SOURCE MATERIAL:
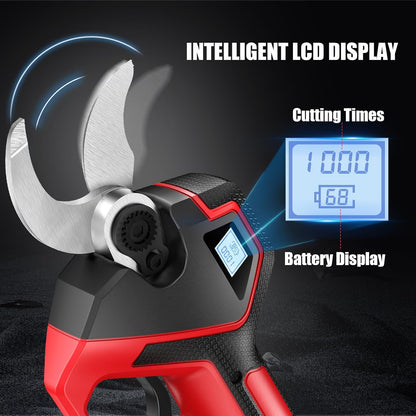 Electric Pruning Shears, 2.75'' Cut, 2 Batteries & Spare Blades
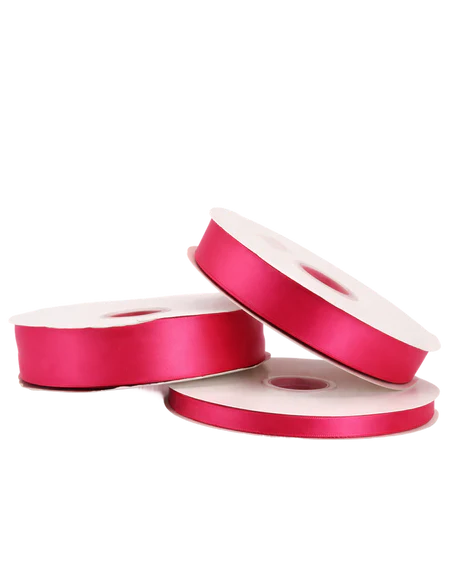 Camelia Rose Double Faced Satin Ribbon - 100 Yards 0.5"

...

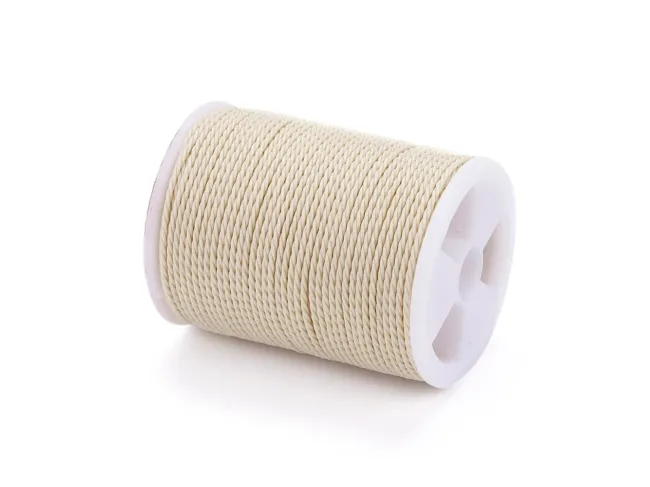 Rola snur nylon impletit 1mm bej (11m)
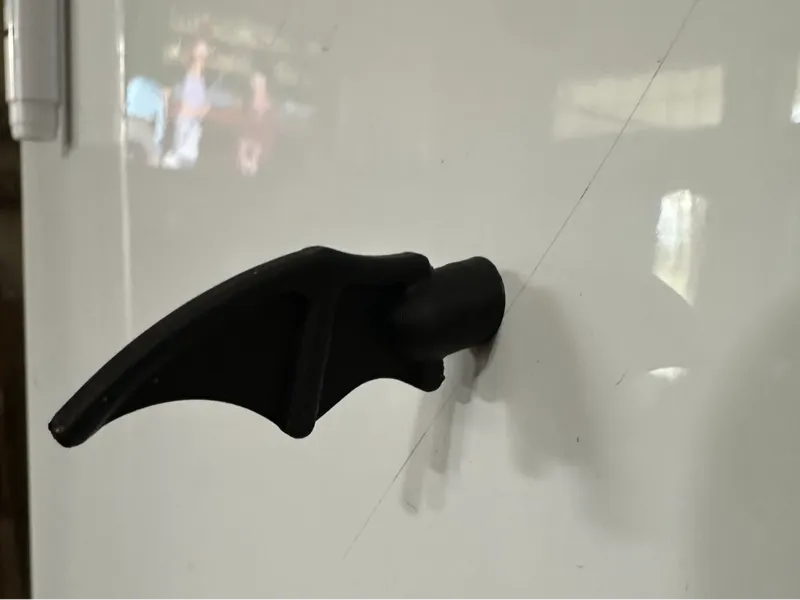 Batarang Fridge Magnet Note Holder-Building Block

WHAT THE TASK REQUIRES: Word for word, restate the lines above from the one with "Electric Pruning Shears, 2.75''" through the one with "Camelia Rose Double", keeping both ends and dropping the pictures.

EXERCISE SOLUTION:
 Electric Pruning Shears, 2.75'' Cut, 2 Batteries & Spare Blades
 Camelia Rose Double Faced Satin Ribbon - 100 Yards 0.5"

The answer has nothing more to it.